A bem da verdade, e pra meu desgosto, nunca ninguém quis dar pra mim. Eu sempre tive que pedir, pedir, pedir, pedir. Não pras bichas, é claro. Nem mulher, nem homem, nunca ninguém me atacou. Acho que é porque eu sou feioso. Mas aí eu era pidonho. Pedia, pedia, vencia pelo cansaço. Eu tinha aquela peça proibida, 'Barrela". Aí eu falava pras mulheres: dá pra mim que a censura proibiu minha peça.

Isso foi no tempo de solteiro. Mas, e agora? A Walderez não tem ciúme do charme que você exerce sobre as estudantes, especialmente?

A Walderez sabe viver. Sabe que é a minha Rainha Moma: primeira e única. E o pior é que as estudantes quando se aproximam, se aproximam em bolo. Elas vem em monte, nunca vem sozinhas. Em monte não dá pra fazer nada. A Walderez sabe disso. Que elas vem sempre com os barbudinhos. Os barbudinhos que te alugam. Elas vem logo em patota, de cinco, seis. Fica tudo em volta. Aí, tu fica só no meio da roda, dando risada.

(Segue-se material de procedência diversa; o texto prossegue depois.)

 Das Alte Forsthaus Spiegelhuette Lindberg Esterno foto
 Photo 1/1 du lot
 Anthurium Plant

Qual o critério de permitirem a publicação de uma peça e proibirem sua montagem no teatro?

A censura no teatro é prévia. A do livro é posterior. Então, a gente edita o livro, se eles proibirem, melhor, porque aí a gente vende até como livro de sacanagem. Eu não posso andar com o elenco embaixo do braço, mas com a mala de livros eu posso.

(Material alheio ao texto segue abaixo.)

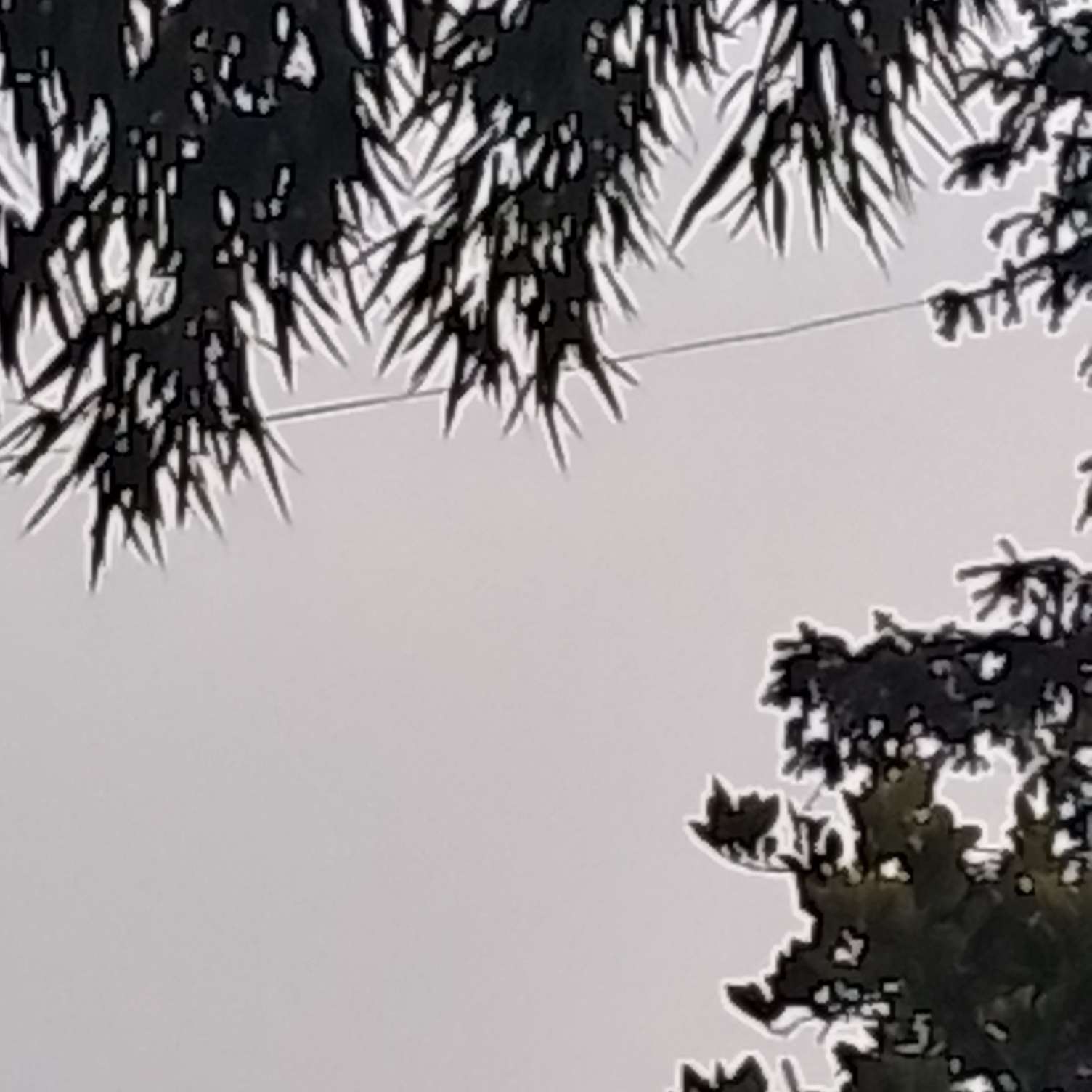 那怎么办啊…的专辑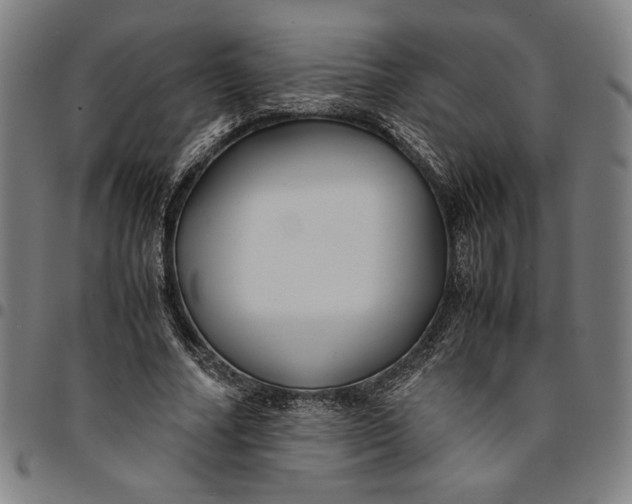 X0000094970682200712131455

Acredita que 1978 vai ser mais fácil ou mais apertado em termos de censura?

Quanto mais crise econômica tivermos, mais censura. É diretamente ligado. Se está tudo bem socialmente, pode haver debate. Não pode haver debate justamente quando há a crise econômica, porque então começam a aparecer as contradições do sistema imposto, a inutilidade do sistema autoritário.


Quer dizer que a chance para o teatro político, o teatro de mensagem, está cada vez mais remota no Brasil?

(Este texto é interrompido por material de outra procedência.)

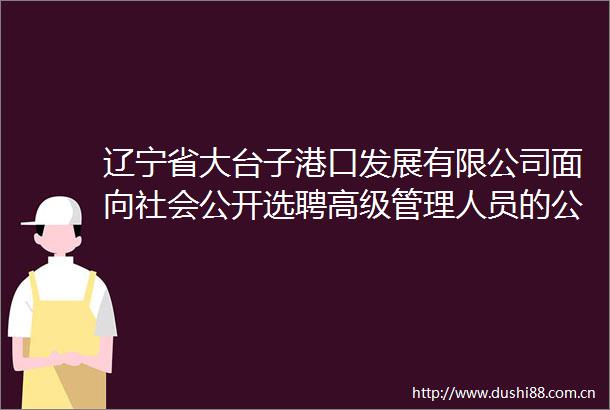 辽宁省大台子港口发展有限公司面向社会公开选聘高级管理人员的公告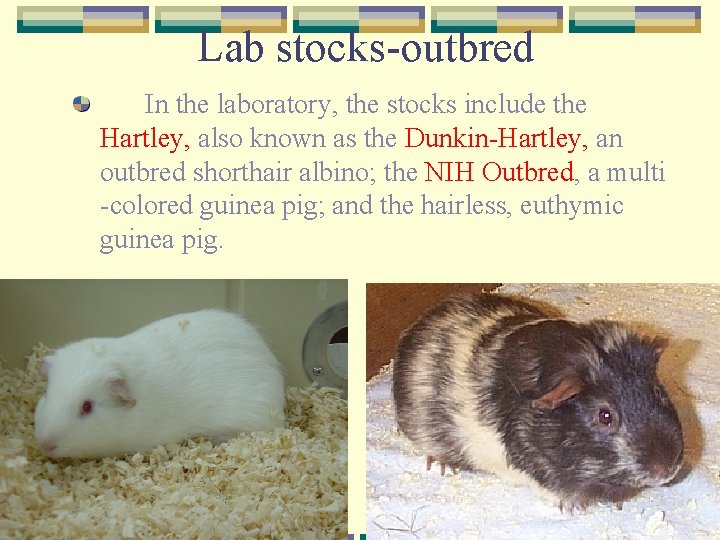 Lab stocks-outbred In the laboratory, the stocks include the Hartley, also known as the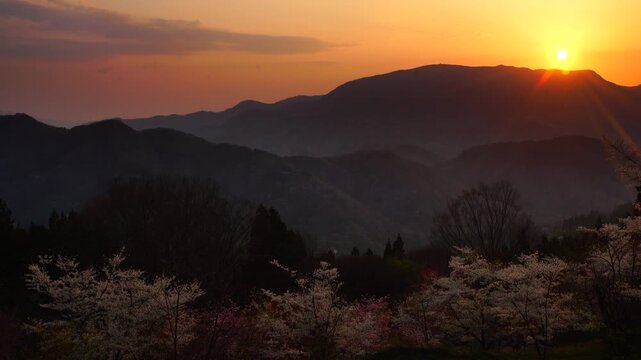 高照山さくらの里の桜林と聖山と朝日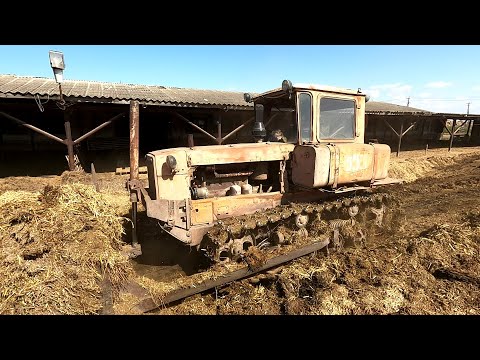 Видео: Вы спрашивали куда пропал Коля!? Мы нашли его!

Talvez o teatro político não tenha nem problemas. O que não permitem mesmo é o teatro social. Brecht, o pai do teatro político, dificilmente é proibido no Brasil. Acho que nunca foi. Agora, o teatro social, principalmente se ação se passar entre o Oiapoque e o Chuí, aí tu já viu, né? Você pode fazer no Brasil uma peça sobre o racismo na Africa do Sul, mas não pode fazer uma sobre preconceitos numa gafieira.

Quais os autores que você lê mais?

Não tenho autores favoritos, sabe? Lembro de uma época em que li muito teatro, naquela de procurar uma peça que tivesse um papel para mim. Depois li muitos romances, mas o meu processo de leitura é o seguinte: minha mulher lê muito e me diz "leia esse romance que é legal pra você". Ela faz uma prévia, uma seleção.

Por quê? Você não tem tempo de ler?

É. Quem faz livro não precisa comprar livro. Eu faço em casa, por que vou comprar dos outros?